Excerpts from a dataset
▼

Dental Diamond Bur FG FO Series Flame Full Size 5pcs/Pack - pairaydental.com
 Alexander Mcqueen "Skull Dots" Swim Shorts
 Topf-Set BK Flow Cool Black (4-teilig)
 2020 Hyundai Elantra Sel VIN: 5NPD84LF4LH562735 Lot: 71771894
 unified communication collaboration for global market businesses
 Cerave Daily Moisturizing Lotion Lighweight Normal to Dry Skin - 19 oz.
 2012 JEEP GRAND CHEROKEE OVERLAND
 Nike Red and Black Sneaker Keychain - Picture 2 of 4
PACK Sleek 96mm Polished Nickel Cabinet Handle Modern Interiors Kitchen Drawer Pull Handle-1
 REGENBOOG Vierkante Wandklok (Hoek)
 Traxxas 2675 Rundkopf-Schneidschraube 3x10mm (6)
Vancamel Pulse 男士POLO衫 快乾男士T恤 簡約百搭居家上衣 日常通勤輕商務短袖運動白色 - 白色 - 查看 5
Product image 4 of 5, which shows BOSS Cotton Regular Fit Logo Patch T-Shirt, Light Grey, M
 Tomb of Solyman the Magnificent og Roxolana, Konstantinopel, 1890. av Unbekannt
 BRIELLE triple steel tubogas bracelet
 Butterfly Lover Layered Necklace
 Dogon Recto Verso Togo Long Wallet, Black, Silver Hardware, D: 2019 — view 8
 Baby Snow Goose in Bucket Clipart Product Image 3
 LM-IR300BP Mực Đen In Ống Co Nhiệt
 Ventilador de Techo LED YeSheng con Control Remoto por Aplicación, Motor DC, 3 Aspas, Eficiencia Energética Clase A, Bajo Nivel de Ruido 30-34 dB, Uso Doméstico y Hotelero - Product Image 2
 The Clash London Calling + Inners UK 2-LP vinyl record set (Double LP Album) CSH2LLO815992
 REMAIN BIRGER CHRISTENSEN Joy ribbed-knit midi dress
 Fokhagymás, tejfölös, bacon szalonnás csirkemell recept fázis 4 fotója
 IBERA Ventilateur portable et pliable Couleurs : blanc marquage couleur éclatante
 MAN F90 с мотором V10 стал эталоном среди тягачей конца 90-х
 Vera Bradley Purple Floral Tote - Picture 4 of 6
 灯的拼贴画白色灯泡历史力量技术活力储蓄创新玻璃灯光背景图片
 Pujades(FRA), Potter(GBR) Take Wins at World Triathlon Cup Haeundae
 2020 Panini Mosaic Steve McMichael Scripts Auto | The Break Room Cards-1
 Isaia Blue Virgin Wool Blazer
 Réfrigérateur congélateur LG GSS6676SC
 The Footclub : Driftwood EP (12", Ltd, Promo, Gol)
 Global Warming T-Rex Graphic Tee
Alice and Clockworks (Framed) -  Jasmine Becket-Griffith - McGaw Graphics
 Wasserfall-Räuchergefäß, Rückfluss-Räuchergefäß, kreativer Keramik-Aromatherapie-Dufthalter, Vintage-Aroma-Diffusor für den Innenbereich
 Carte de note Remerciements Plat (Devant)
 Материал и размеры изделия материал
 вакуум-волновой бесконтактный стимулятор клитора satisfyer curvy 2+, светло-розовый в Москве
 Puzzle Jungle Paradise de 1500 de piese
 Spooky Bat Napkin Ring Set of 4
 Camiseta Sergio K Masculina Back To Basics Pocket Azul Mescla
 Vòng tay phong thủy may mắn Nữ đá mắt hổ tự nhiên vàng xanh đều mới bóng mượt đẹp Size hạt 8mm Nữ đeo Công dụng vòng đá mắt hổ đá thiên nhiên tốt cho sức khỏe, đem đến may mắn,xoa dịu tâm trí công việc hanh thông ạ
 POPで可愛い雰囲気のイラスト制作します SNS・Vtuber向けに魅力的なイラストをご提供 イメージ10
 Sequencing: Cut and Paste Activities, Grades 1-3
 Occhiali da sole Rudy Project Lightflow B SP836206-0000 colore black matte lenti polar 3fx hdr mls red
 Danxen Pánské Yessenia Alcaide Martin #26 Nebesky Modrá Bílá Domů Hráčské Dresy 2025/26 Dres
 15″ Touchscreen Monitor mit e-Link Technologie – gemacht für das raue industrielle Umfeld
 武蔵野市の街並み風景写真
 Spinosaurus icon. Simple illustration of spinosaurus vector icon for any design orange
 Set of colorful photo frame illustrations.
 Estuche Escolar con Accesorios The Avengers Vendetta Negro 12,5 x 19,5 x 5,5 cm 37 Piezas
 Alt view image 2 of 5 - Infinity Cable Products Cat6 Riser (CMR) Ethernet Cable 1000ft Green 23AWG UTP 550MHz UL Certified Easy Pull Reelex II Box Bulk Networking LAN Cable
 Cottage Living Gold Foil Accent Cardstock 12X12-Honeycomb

▲

## WHAT TO DO:
Nothing but the lines from the one holding "Réfrigérateur congélateur LG GSS6676SC" to the end of the entries should be returned, each exactly as it stands.

## ANSWER TO THIS PROBLEM:
 Réfrigérateur congélateur LG GSS6676SC
 The Footclub : Driftwood EP (12", Ltd, Promo, Gol)
 Global Warming T-Rex Graphic Tee
Alice and Clockworks (Framed) -  Jasmine Becket-Griffith - McGaw Graphics
 Wasserfall-Räuchergefäß, Rückfluss-Räuchergefäß, kreativer Keramik-Aromatherapie-Dufthalter, Vintage-Aroma-Diffusor für den Innenbereich
 Carte de note Remerciements Plat (Devant)
 Материал и размеры изделия материал
 вакуум-волновой бесконтактный стимулятор клитора satisfyer curvy 2+, светло-розовый в Москве
 Puzzle Jungle Paradise de 1500 de piese
 Spooky Bat Napkin Ring Set of 4
 Camiseta Sergio K Masculina Back To Basics Pocket Azul Mescla
 Vòng tay phong thủy may mắn Nữ đá mắt hổ tự nhiên vàng xanh đều mới bóng mượt đẹp Size hạt 8mm Nữ đeo Công dụng vòng đá mắt hổ đá thiên nhiên tốt cho sức khỏe, đem đến may mắn,xoa dịu tâm trí công việc hanh thông ạ
 POPで可愛い雰囲気のイラスト制作します SNS・Vtuber向けに魅力的なイラストをご提供 イメージ10
 Sequencing: Cut and Paste Activities, Grades 1-3
 Occhiali da sole Rudy Project Lightflow B SP836206-0000 colore black matte lenti polar 3fx hdr mls red
 Danxen Pánské Yessenia Alcaide Martin #26 Nebesky Modrá Bílá Domů Hráčské Dresy 2025/26 Dres
 15″ Touchscreen Monitor mit e-Link Technologie – gemacht für das raue industrielle Umfeld
 武蔵野市の街並み風景写真
 Spinosaurus icon. Simple illustration of spinosaurus vector icon for any design orange
 Set of colorful photo frame illustrations.
 Estuche Escolar con Accesorios The Avengers Vendetta Negro 12,5 x 19,5 x 5,5 cm 37 Piezas
 Alt view image 2 of 5 - Infinity Cable Products Cat6 Riser (CMR) Ethernet Cable 1000ft Green 23AWG UTP 550MHz UL Certified Easy Pull Reelex II Box Bulk Networking LAN Cable
 Cottage Living Gold Foil Accent Cardstock 12X12-Honeycomb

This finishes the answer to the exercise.